Back-packing-based businesses across Southeast Asia have seen a huge drop in business because of COVID-19 prompting border closures as well as travel restrictions.
Companies that specialise in that area of travel are either throwing in the towel or adapting. Many are pushing forward with the latter option.
There have been backpackers exploring Southeast Asia for decades. The Cambodian route is so popular with budget travellers that it is thought of as a part of the region’s so-called Backpacker Trail.
That was until earlier this year when the Novel Coronavirus spread across the world and put a halt on tourists entering the Kingdom.
Now, backpacker-reliant businesses are having to find new ways of drawing in local customers to keep their businesses afloat.
Many of the backpacking hostels are a part of chains that don’t only run in Cambodia but also across different parts of Asia.
These hostels are now changing to suit local needs as well as some of them having to cut back on staff.

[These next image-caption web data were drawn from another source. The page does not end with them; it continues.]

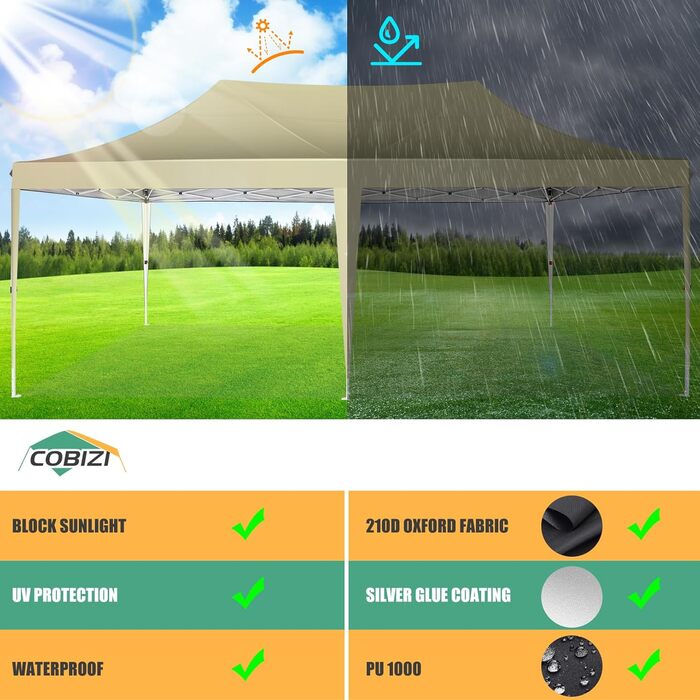 COBIZI Pavilion 3x3 Waterproof, Stable, Winter-Proof Party Tent, Folding Pavilion 3.0, 100% Waterproof and UV 50+ Portable High-End Portability Garden Pavilion, (Khaki, 3x6 with 6 Side Walls)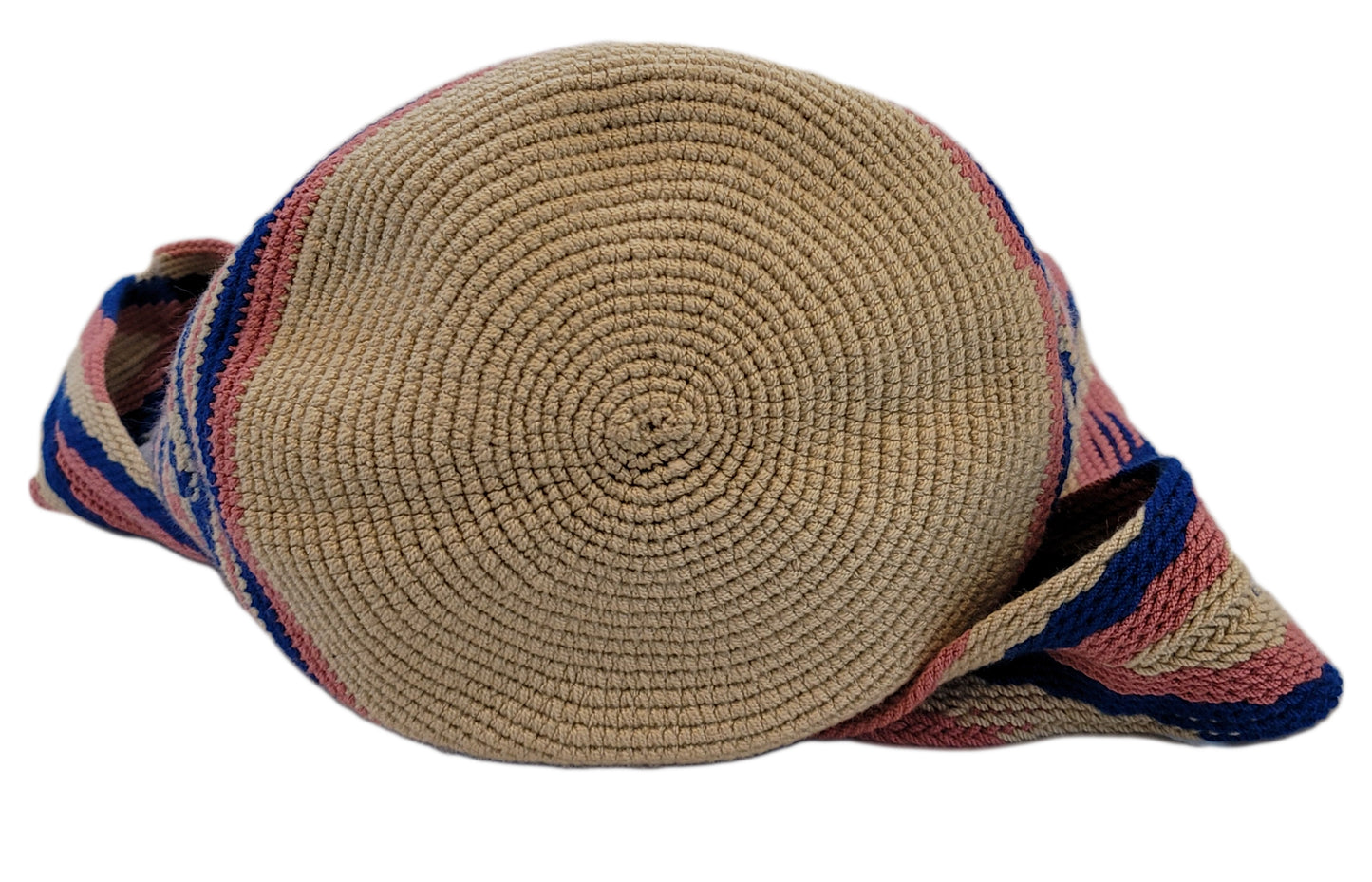 aitana handmade crochet Wayuu crossbody with zipper bottom view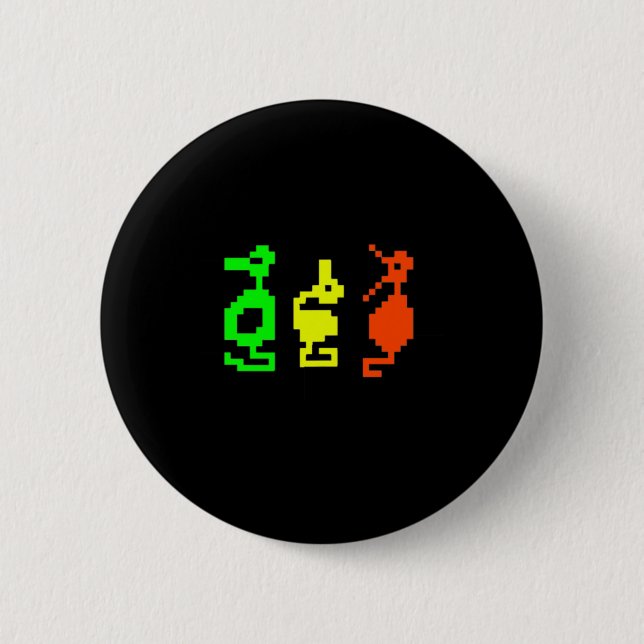 Retro-Videospiel 8-Bit-Abenteuer-Drache  Button (Vorderseite)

The general manager of Lub D hostel in Siem Reap, who woud only go by the name of Matt, explained: “For us to survive, we as a company looked at all areas and positions and then made decisions on how we can combine positions or use technology. It now seems that this is the new norm and businesses need to look at all services that are offered and decide whether the guests will use that service. We have to ask ourselves, ‘Can you combine positions so that the business can survive?’ This also has been the case for Lub D as a company because we have hostels in Thailand that have been affected worse than here in Cambodia.”
Some of the backpacker-based companies, however, aimed at a local clientele within their business model before COVID-19.
The Big Easy, a chain of hostels throughout Cambodia, has sport playing on TVs for expats and locals to enjoy as well as music and quiz nights.
Tom Jeffery, co-owner of The Big Easy, said: “Our hostel in Phnom Penh is surviving because of the number of expats that come in to eat and drink. We have extended our happy hours and locals seem to love it.”
“Our rooms are currently not open because we are using this time to renovate them while there are no tourists. As for our other location on the island of Koh Rong Sanloem, it is quiet. People only seem to be going to the islands during public holidays or weekends. I think a lot of businesses are struggling there at the moment.”
Another chain of hostels and one of the biggest is Mad Monkey. They have been open for nine years and have expanded their business throughout Asia in places such as Cambodia, Laos, Thailand and the Philippines.
Mad Monkey has always been aimed directly at backpackers so now the company is having to completely restructure its business.
Alex Darroch, co-founder and director of Mad Monkey, said: “Our revenues have been severely impacted by the travel restrictions and tourists being unable to travel. Currently, most of our hostels in Asia are completely closed but we are looking to re-open them slowly while adapting to the situation in each Location. We have switched our business model to appeal towards the local and domestic markets along with expats and other long-term guests. In Phnom Penh, we have now adjusted our food and beverage menu to operate as a family-friendly beer garden hosting small parties and events within the social distancing rules.” “It’s all about surviving and adapting until travel restrictions are lifted and the world opens up again.”